▸ **YOUR INSTRUCTIONS**
Pictures excluded, return the lines below from the first through the line holding "Step one. Boy, 23".
*** Opening EXERCISE MATERIAL ***
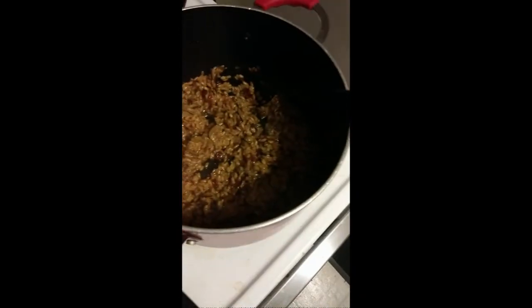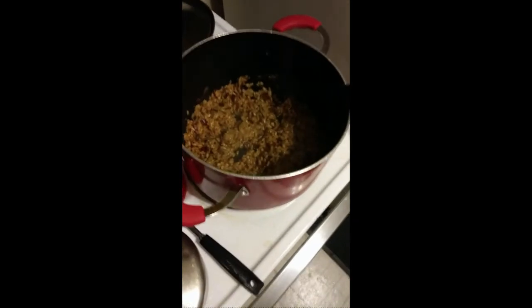First observation: the zucchini is kind of bitter, which you wouldn't get from fresh zucchini. Second observation: the spices are way below an acceptable level, so if you're going to make this you're definitely going to want to figure out what spices to add, because it doesn't taste good. Thank you very much for watching, I hope you have a great day.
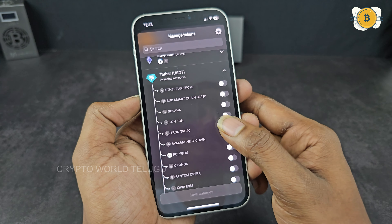USDT is added to this page. I will show you the deposit address and QR code. To send, click on Send, enter the address, and enter the amount. If you want to send cryptocurrency, you can scan the QR code of the recipient.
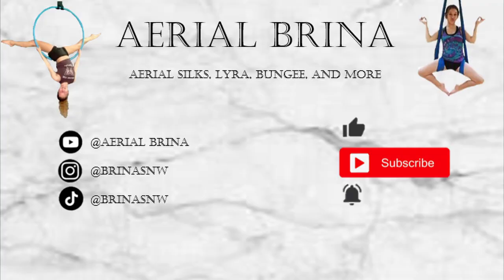Thank you for watching. Don't forget to like, subscribe, and hit the bell. And comment what else you would like to see.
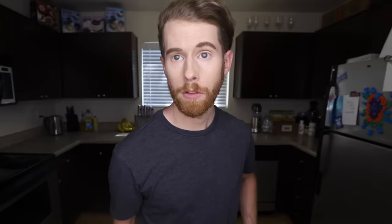Step one. Boy, 23 minutes into an intro and oh... man, I should script these. Step one: put large potatoes in a large bowl and fry back ends until swampy. If this air doesn't kick in soon, then my back ends are gonna be swampy as well. The old swamp shorts. Lagoon legs. Tidal thighs. Marsh madness. The wetlands. You get the point. Fry the potatoes till they become swamp butts.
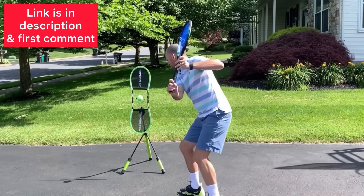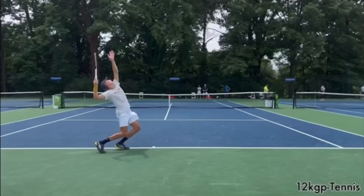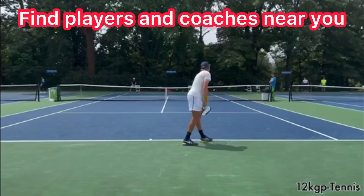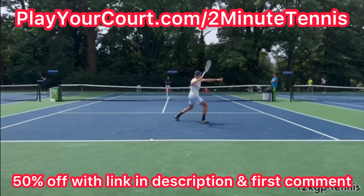The best way to practice these techniques is at home with a Topspin Pro. You can get one using my link in the description — I'll also pin it in the first comment. And if you're looking for players in your local area to practice or play matches against, or want a coach close to you, use my link for PlayYourCourt.com slash 2MinuteTennis. When you use my link to sign up, you get 50% off.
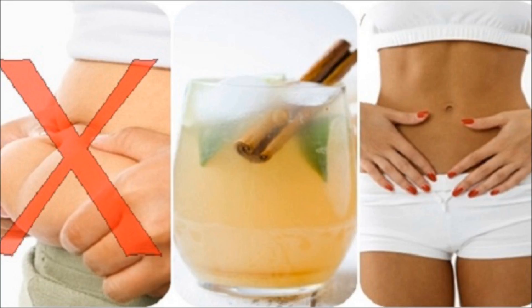Preparation: Put all ingredients in a blender and blend them until you have a smooth homogenous mixture. How to consume: It is important to consume the drink before lunch or dinner for 7 days, or until you see improvements in the waistline. After that, repeat the treatment for another 7 days.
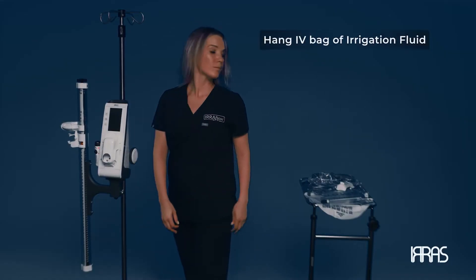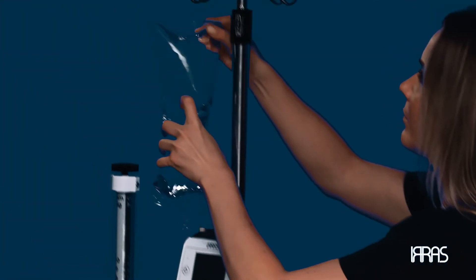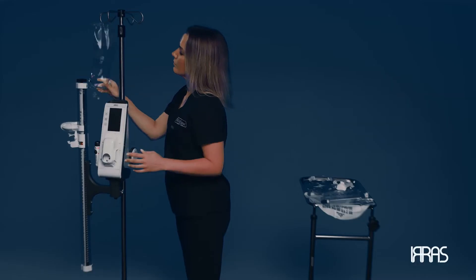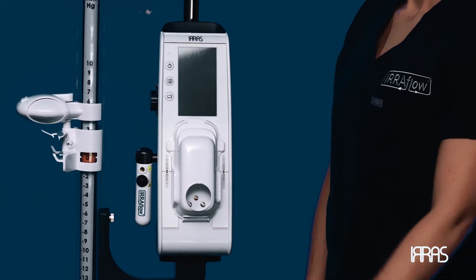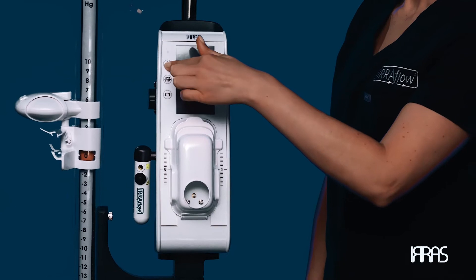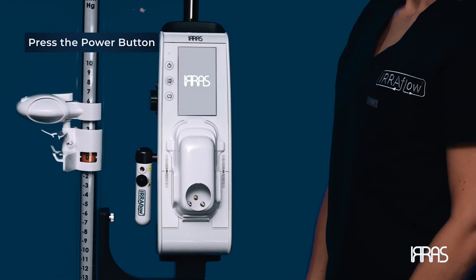Hang the IV bag of desired irrigation fluid. The indicated irrigation fluids for use with the airflow control unit are normal saline and lactated Ringer solution. Once positioned on the pole and plugged into an approved electrical outlet, press the power button and turn on the control unit.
*** Closing EXERCISE MATERIAL ***
▸ **SOLVED PROBLEM**
First observation: the zucchini is kind of bitter, which you wouldn't get from fresh zucchini. Second observation: the spices are way below an acceptable level, so if you're going to make this you're definitely going to want to figure out what spices to add, because it doesn't taste good. Thank you very much for watching, I hope you have a great day.
USDT is added to this page. I will show you the deposit address and QR code. To send, click on Send, enter the address, and enter the amount. If you want to send cryptocurrency, you can scan the QR code of the recipient.
Thank you for watching. Don't forget to like, subscribe, and hit the bell. And comment what else you would like to see.
Step one. Boy, 23 minutes into an intro and oh... man, I should script these. Step one: put large potatoes in a large bowl and fry back ends until swampy. If this air doesn't kick in soon, then my back ends are gonna be swampy as well. The old swamp shorts. Lagoon legs. Tidal thighs. Marsh madness. The wetlands. You get the point. Fry the potatoes till they become swamp butts.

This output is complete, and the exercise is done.